#### What this task involves:
Filter this data down to the lines that hold "Print", and copy them.

BEGIN

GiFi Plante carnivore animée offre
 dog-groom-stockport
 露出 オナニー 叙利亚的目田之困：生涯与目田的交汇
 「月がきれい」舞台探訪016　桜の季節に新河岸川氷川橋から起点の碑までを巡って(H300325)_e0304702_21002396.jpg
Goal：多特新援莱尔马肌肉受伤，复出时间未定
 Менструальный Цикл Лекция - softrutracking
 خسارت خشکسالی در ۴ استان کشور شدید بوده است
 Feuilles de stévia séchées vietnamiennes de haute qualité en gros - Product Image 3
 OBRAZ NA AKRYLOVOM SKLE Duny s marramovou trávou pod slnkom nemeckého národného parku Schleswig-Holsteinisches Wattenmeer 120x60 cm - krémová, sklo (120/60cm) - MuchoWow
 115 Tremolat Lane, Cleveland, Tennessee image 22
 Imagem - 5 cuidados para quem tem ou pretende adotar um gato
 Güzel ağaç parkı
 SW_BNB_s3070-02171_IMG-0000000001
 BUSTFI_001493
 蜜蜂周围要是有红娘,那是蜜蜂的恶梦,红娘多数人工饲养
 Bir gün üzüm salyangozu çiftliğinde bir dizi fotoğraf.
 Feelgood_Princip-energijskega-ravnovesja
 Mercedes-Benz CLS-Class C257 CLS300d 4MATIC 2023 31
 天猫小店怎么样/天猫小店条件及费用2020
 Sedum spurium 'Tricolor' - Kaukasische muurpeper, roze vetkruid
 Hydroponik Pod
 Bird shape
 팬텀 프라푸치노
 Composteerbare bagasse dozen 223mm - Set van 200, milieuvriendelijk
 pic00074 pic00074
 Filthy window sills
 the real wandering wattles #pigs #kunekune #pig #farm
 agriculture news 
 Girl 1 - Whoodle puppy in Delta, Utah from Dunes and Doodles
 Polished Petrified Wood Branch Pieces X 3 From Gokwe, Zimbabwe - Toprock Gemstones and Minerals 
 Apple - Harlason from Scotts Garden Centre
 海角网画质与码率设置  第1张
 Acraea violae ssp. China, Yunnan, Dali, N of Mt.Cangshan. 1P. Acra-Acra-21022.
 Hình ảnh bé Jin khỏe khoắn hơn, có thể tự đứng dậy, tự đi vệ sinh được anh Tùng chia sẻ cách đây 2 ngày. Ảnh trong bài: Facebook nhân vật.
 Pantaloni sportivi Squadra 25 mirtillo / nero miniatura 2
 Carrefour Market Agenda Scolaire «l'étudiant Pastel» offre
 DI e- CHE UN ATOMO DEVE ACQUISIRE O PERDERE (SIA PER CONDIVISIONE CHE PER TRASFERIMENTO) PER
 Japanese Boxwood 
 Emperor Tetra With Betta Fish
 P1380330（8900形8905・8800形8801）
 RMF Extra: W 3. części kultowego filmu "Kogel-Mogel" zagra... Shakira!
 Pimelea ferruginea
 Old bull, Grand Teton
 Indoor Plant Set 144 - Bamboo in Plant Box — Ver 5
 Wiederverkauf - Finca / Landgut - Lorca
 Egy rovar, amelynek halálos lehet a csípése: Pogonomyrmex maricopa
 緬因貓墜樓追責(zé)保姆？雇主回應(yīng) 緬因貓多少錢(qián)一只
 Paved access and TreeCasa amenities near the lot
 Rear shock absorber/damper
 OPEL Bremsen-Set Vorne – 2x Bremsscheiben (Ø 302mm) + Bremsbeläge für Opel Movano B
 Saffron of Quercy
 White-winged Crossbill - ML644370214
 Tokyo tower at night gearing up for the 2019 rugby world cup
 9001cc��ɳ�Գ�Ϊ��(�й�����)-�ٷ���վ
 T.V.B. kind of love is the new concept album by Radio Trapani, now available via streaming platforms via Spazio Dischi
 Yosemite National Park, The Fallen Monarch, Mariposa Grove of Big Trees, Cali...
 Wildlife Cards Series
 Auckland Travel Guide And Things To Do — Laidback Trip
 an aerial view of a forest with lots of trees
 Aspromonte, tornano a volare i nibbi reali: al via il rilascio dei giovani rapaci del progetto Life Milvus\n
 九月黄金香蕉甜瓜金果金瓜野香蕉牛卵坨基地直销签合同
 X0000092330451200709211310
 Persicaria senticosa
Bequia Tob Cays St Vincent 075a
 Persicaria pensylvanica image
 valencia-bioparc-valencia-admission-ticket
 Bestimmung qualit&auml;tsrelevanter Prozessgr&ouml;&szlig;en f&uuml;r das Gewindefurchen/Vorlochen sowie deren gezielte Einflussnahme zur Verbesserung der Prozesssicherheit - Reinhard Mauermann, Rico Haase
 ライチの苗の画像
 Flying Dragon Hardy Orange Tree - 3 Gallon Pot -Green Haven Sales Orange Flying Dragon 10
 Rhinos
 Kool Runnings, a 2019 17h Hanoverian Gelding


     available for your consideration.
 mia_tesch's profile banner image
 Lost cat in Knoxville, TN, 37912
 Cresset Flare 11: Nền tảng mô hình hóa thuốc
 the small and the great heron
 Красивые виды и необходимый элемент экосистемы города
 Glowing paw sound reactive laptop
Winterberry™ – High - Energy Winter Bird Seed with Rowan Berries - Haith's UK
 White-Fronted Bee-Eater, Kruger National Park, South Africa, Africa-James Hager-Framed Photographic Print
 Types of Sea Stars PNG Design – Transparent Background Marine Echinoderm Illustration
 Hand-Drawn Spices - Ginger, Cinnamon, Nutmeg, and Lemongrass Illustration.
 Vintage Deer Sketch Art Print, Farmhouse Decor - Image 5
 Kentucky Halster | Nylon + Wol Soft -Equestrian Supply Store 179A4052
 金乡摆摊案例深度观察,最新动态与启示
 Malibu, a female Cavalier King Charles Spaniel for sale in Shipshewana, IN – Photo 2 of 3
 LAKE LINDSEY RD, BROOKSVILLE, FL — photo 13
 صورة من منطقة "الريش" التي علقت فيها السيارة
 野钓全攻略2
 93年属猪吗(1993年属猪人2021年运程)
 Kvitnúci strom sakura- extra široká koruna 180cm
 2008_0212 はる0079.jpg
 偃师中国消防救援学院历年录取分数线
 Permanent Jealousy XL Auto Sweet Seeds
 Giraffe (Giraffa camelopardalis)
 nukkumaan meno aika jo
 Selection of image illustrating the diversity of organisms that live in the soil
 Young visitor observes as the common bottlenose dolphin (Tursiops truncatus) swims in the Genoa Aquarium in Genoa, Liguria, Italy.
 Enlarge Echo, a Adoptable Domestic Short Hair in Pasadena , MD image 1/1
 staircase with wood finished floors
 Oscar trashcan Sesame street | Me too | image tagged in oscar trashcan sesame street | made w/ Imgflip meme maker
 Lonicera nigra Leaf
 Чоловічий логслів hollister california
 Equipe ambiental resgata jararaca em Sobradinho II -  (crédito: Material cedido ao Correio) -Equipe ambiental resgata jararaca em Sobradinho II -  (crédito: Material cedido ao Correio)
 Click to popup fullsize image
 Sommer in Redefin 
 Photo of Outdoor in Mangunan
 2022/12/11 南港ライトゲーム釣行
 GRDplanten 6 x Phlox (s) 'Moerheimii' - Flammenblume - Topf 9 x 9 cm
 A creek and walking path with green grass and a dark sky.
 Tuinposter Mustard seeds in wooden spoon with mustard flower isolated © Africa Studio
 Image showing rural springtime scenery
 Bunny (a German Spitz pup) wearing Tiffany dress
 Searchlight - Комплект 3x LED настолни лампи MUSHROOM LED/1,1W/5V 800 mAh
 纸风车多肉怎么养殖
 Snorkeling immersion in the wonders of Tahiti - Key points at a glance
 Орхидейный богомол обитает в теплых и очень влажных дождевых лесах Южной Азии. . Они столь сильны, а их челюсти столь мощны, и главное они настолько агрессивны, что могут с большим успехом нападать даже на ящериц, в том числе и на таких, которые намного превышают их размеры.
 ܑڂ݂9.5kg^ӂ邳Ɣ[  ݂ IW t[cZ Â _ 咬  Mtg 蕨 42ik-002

END

#### Your response:
 White-Fronted Bee-Eater, Kruger National Park, South Africa, Africa-James Hager-Framed Photographic Print
 Vintage Deer Sketch Art Print, Farmhouse Decor - Image 5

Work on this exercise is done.